ACTION ITEM
Send back all of the data, word for word.

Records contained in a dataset

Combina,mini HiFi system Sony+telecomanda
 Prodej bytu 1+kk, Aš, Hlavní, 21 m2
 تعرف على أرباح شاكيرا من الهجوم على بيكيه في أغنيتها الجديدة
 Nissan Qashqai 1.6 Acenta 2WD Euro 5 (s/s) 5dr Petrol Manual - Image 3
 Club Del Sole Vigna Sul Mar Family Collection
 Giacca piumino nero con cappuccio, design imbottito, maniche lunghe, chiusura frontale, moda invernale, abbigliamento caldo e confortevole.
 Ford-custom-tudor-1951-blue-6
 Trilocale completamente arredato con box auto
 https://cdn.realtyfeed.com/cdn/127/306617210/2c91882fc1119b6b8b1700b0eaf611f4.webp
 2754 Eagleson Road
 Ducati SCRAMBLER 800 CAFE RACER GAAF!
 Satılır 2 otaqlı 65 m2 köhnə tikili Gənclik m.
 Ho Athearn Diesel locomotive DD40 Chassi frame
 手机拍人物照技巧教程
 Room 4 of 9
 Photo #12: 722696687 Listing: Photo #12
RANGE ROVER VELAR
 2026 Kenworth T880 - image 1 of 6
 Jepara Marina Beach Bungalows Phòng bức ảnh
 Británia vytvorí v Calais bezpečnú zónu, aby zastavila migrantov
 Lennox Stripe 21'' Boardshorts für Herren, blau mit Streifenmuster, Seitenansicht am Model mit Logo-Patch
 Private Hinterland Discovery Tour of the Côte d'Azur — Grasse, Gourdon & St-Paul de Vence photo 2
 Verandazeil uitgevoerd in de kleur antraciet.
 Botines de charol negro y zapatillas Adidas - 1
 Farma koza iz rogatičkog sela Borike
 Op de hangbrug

ANSWER AREA
Combina,mini HiFi system Sony+telecomanda
 Prodej bytu 1+kk, Aš, Hlavní, 21 m2
 تعرف على أرباح شاكيرا من الهجوم على بيكيه في أغنيتها الجديدة
 Nissan Qashqai 1.6 Acenta 2WD Euro 5 (s/s) 5dr Petrol Manual - Image 3
 Club Del Sole Vigna Sul Mar Family Collection
 Giacca piumino nero con cappuccio, design imbottito, maniche lunghe, chiusura frontale, moda invernale, abbigliamento caldo e confortevole.
 Ford-custom-tudor-1951-blue-6
 Trilocale completamente arredato con box auto
 https://cdn.realtyfeed.com/cdn/127/306617210/2c91882fc1119b6b8b1700b0eaf611f4.webp
 2754 Eagleson Road
 Ducati SCRAMBLER 800 CAFE RACER GAAF!
 Satılır 2 otaqlı 65 m2 köhnə tikili Gənclik m.
 Ho Athearn Diesel locomotive DD40 Chassi frame
 手机拍人物照技巧教程
 Room 4 of 9
 Photo #12: 722696687 Listing: Photo #12
RANGE ROVER VELAR
 2026 Kenworth T880 - image 1 of 6
 Jepara Marina Beach Bungalows Phòng bức ảnh
 Británia vytvorí v Calais bezpečnú zónu, aby zastavila migrantov
 Lennox Stripe 21'' Boardshorts für Herren, blau mit Streifenmuster, Seitenansicht am Model mit Logo-Patch
 Private Hinterland Discovery Tour of the Côte d'Azur — Grasse, Gourdon & St-Paul de Vence photo 2
 Verandazeil uitgevoerd in de kleur antraciet.
 Botines de charol negro y zapatillas Adidas - 1
 Farma koza iz rogatičkog sela Borike
 Op de hangbrug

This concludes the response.